Below Nathan shares two recipes with us – a 400-year-old chocolate almond cake and a parve olive oil inflected chocolate mousse. Bon Appetit!
For a full review of the book, check back on Thursday for the “Ingredients” column.
Chocolate Almond Cake
This recipe for Chocolate Almond cake is four hundred years old, and was passed down orally in one Bayonne family from mother to daughter in Spanish, Ladino, and then French. The accent of rum was probably introduced in the seventeenth century. My guess is that at first the eggs would have been whole, and later separated, the whites whipped to give it more height, probably in the eighteenth century. This cake can be made with matzo cake meal for Passover.
yield: 1 cake, serving 8 people, or 24 1- inch circles or squares
7 tablespoons unsalted butter, or pareve margarine, plus more for greasing
8 ounces bittersweet chocolate, chopped
¾ cup granulated sugar
¼ teaspoon salt
3 large eggs, separated
1 teaspoon vanilla extract
1¼ cups finely chopped
½ cup all- purpose flour or matzo cake meal
6 tablespoons confectioners’
1 tablespoon rum
Optional garnish: raspberries and whipped cream
1) Preheat the oven to 350 degrees, and grease a 9- inch springform or cake pan.
2) Melt the chocolate in the top of a double boiler over low heat. Let cool slightly.
3) Cream the butter or margarine with the granulated sugar and salt in the bowl of an electric mixer equipped with a paddle.
4) Mix the cooled, melted chocolate into the butter. Then add the egg yolks, one at a time, beating well after each addition.
5) Finally, mix in the vanilla, almonds, and flour or cake meal.
6) In a clean bowl, with clean beaters, beat the egg whites to stiff peaks. Fold the egg whites into the cake batter.
7) Pour into the springform pan, and bake for 30 to 35 minutes, inserting a cake tester or toothpick to make sure it is done.

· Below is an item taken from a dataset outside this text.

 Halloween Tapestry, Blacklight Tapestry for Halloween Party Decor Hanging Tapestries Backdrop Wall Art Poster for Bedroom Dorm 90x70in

Cool on a rack, and unmold.
8) To make the glaze, dissolve the confectioners’ sugar in the rum and 1 tablespoon water. Mix well. Pour the glaze over the cooled cake.

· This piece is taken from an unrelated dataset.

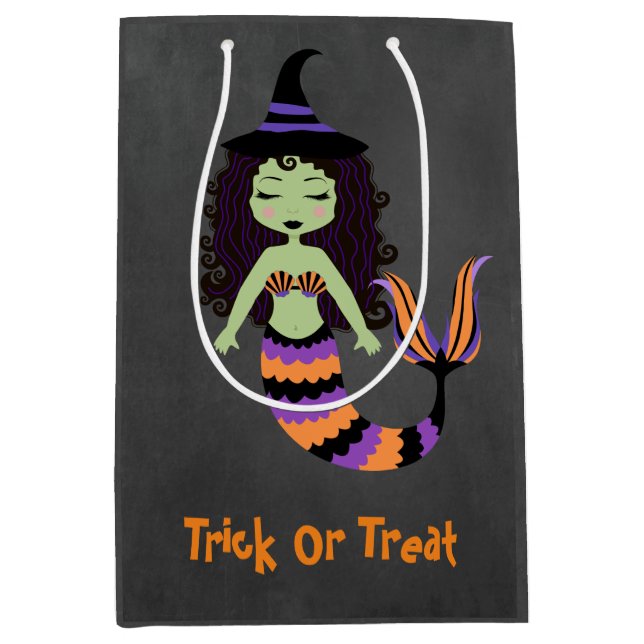 Halloween Chalkboard Mermaid Witch gift bag favour (Front)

This cake can also be cut into 1- inch circles or squares before glazing. If you wish, garnish with raspberries, and serve with a dollop of whipped cream.
Mousse au Chocolat et à l’Huile d’Olive
Chocolate and Olive Oil Mousse
Ever since Ana Bensadon moved to Madrid from her native Tangier in the 1950s, she has been writing to Sephardic Jews all over the world asking for recipes. “My idea is to leave a legacy for the young women,” she told me, while visiting her daughter in Florida. “It is very important to maintain fidelity to our traditions and to transmit them to the new generation.” Many recipes, like fijuelas and flan, are commonly known, but others, like this chocolate mousse using olive oil instead of cream, is a fascinating adaptation of a local French delicacy to comply with the laws of kashrut.
Yield: 8 to 10 servings
11 ounces 60- percent- cacao bittersweet chocolate
8 large eggs, separated
¾ cup sugar
½ cup extra- virgin olive oil
2 tablespoons kosher- for-Passover brandy
1) Melt the chocolate over low heat in the top of a double boiler. Cool slightly.

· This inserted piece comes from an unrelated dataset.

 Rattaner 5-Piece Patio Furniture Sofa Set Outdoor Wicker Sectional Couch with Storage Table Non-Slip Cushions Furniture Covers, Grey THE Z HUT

2) Beat the egg yolks in an electric mixer with ½ cup of the sugar until light. Whisk in the olive oil, brandy, and melted chocolate.
3) Beat the egg whites in the clean bowl of an electric mixer until soft peaks form.
4) Then beat in the remaining ¼ cup sugar, continuing until stiff peaks form.
5) Fold the whipped egg whites into the chocolate mixture, gently continuing to fold until no streaks of white remain.
Cover and refrigerate for 24 hours before serving.